Tuesday, October 30, 2012

What's In A Name?


I think that titles are my favorite part about writing something. Whether it's a poem on a napkin or my next play I'm working on... I title everything. I love titles. Giving something a name makes it permanent, and that scribble on my napkin has a purpose. (I got that from JK Rowling. She's not bad at her job...)

To Feel Strong comes from one of my favorite quotes. I'm a quote girl. I love em. I'm always searching for the next quote that will make this crazy life we're living in make a little bit of sense. And the quote that brings me back down to earth is from the book Into The Wild by Jon Krakauer.

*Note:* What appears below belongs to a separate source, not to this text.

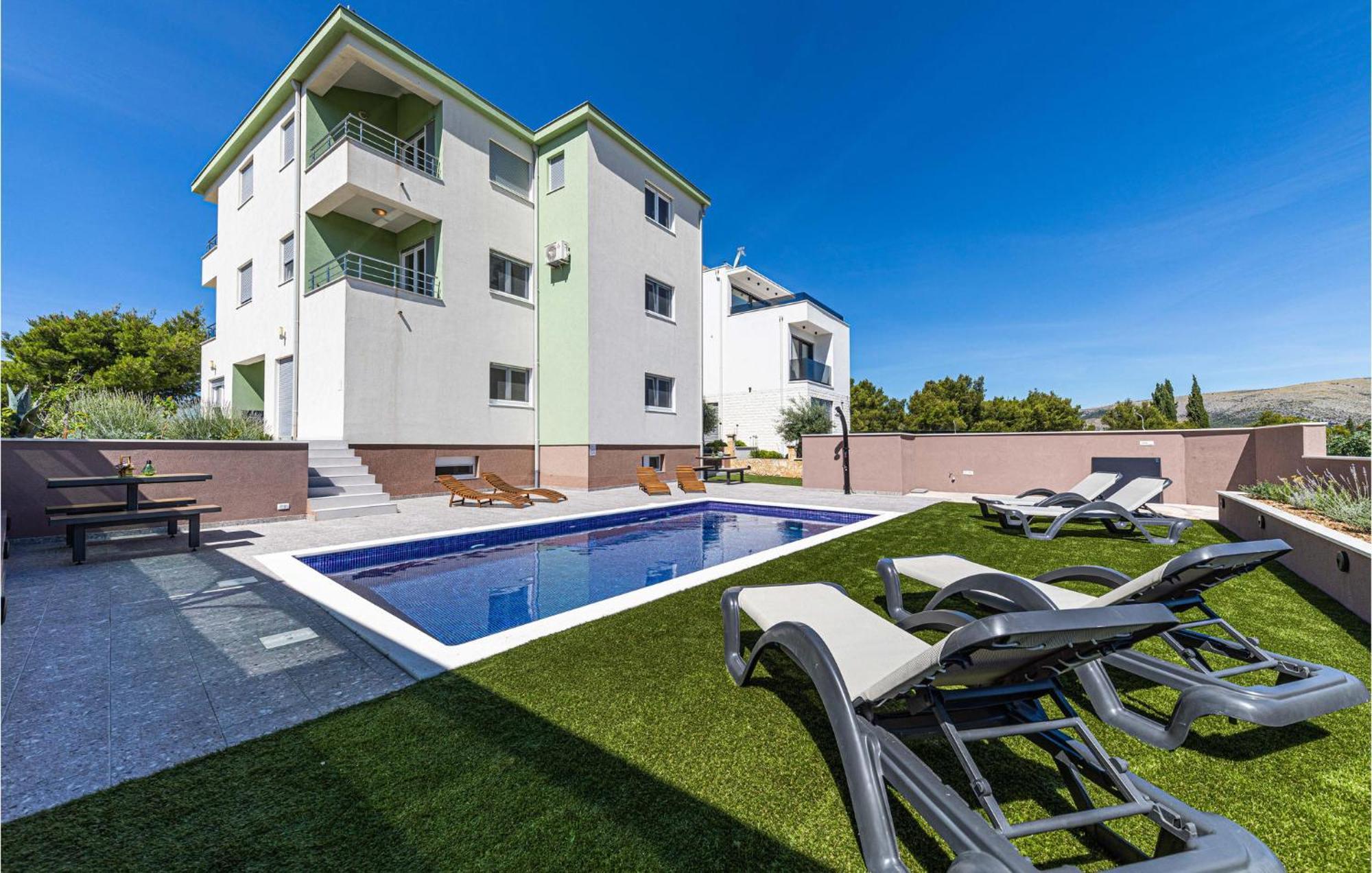 Amazing Apartment In Saldun With Wifi Trogir Eksteriør billede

The sea's only gifts are harsh blows, and occasionally the chance to feel strong. Now I don't know much about the sea, but I do know that that's the way it is here. And I also know how important it is in life not necessarily to be strong but to feel strong. To measure yourself at least once. To find yourself at least once in the most ancient of human conditions. Facing the blind death stone alone, with nothing to help you but your hands and your own head.

Oh, man. Right? You feel it? Feels goooood, huh? You gonna go climb that mountain? You betcha. I've struggled in the past few years with being tremendously hard of myself for the littlest things. I eat three pop tarts instead of one. I color outside the lines. I swear too much. While these things could be easily changed with some concentration, I find that because I'm so hard on myself... I give up. I don't think I'm strong enough to change. And that's just not true. I am strong enough. But more so-- I need to feel strong enough. 

It's part of the reason I want to start this blog. I want to document the days where I feel on top of the world, and the days where I barely move. Because even though those days are drastically different... I have the same amount of strength...It's just about when I feel it.